National Data | Foreign Students Displace Americans, Especially Minorities, in U.S. Universities

By Edwin S. Rubenstein

06/08/2005

What affirmative action giveth, immigration taketh away.

That could easily be the subtitle of a report highlighting the lack of diversity among graduate students.

The study, "Diversity and the Ph.D.," published by the Woodrow Wilson National Fellowship Foundation in May 2005, finds that only 7 percent of Ph.D. recipients in 2003 were U.S.-born Blacks or Hispanics — compared to 35 percent who were foreign students.

Nearly five times as many citizens of other countries earned U.S. doctorates as did black and Hispanic Americans (14,300 vs. roughly 3,000).

This comes as Harvard and many other universities are agonizing over the lack of ethnic and gender diversity in their faculties and student bodies.

It also comes at a time when affirmative action in academia is being challenged — justifiably so.

Foreign graduate students are increasingly crowding out our own people: [Table 1]

The foreign presence varies greatly among academic departments. [Table 2] Sixty-four percent of engineering PhDs. awarded in 2003 went to foreign students, as did nearly half (47 percent) of doctorates in the physical sciences.

But foreign students account for just 17 percent of education Ph.D.s.

Most foreign doctoral candidates are here on "temporary" student visas such as the J-1. Some become naturalized citizens and spend their careers working in the U.S. The others return home where they are often hired by U.S. firms outsourcing their operations abroad.

Either way the economic consequences are the same: lower income for native-born Americans — minorities and non-minorities alike.

It has been obvious for some time that the Great American Ph.D. Machine is out of control.

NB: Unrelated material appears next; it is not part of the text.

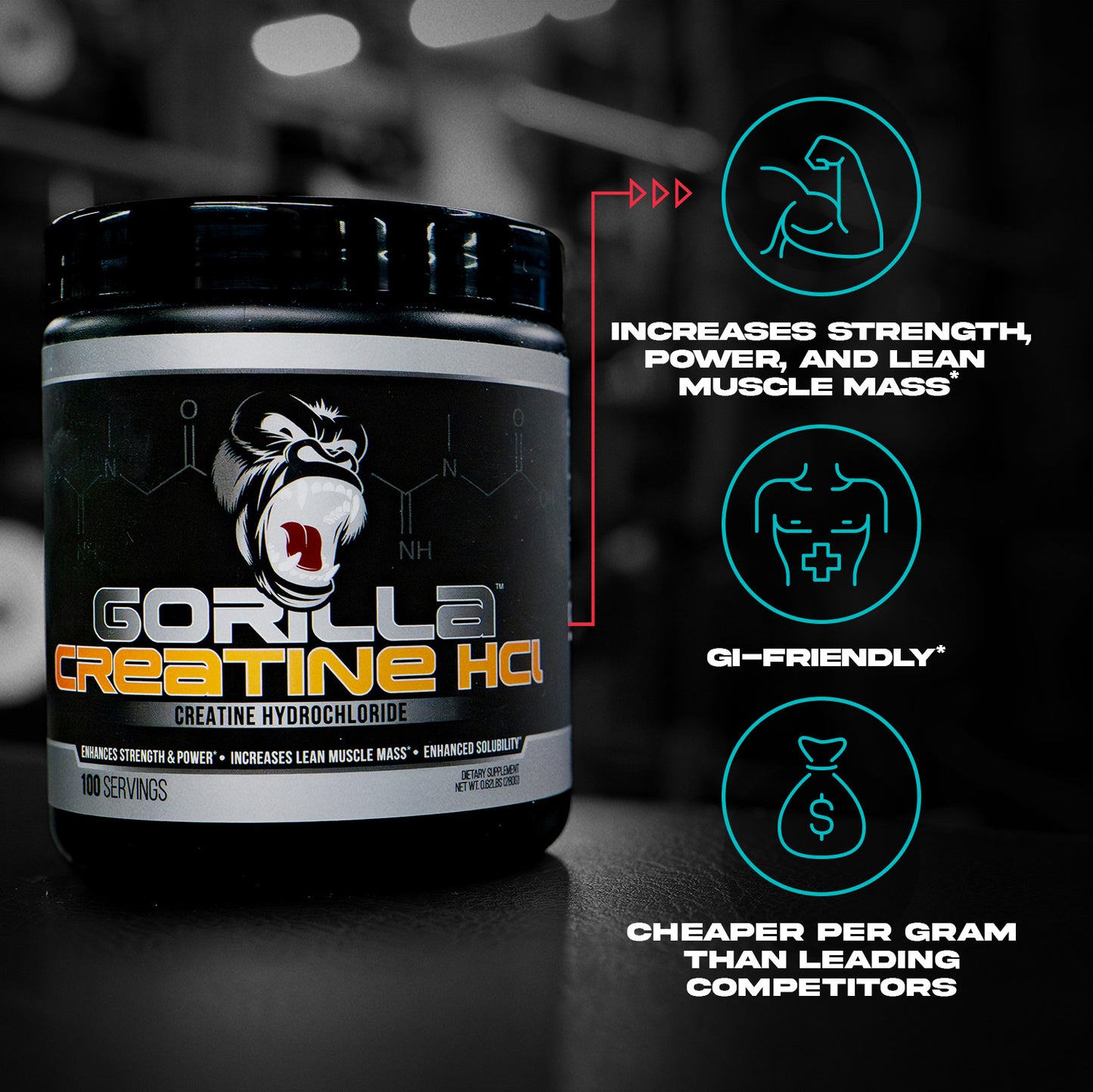 Gorilla Mind Creatine HCl key product callouts and benefits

Universities overproduce Ph.Ds, partly because they provide cheap teaching labor. Job markets are glutted.

But the downside of foreign dominance extends beyond economics. Ph.D.s go on to become professors, talking heads, policy makers. They lead the way in the world of thought. While teaching future generations how to think they inevitably impart their system of values. Do we want to relinquish this responsibility to people from other cultures?

The Woodrow Wilson study articulates a moral imperative also:

"While a strong presence of international students constitutes one desirable form of academic diversity, it must not substitute for the form of diversity we are discussing here….Educating the world’s students while neglecting significant groups of the national population is a vast inequality at the highest academic level. This situation diminishes the value of American citizenship for too many of our citizens, and runs counter to the founding principles of the United States."

To which we say: Amen.

Edwin S. Rubenstein is President of ESR Research Economic Consultants in Indianapolis.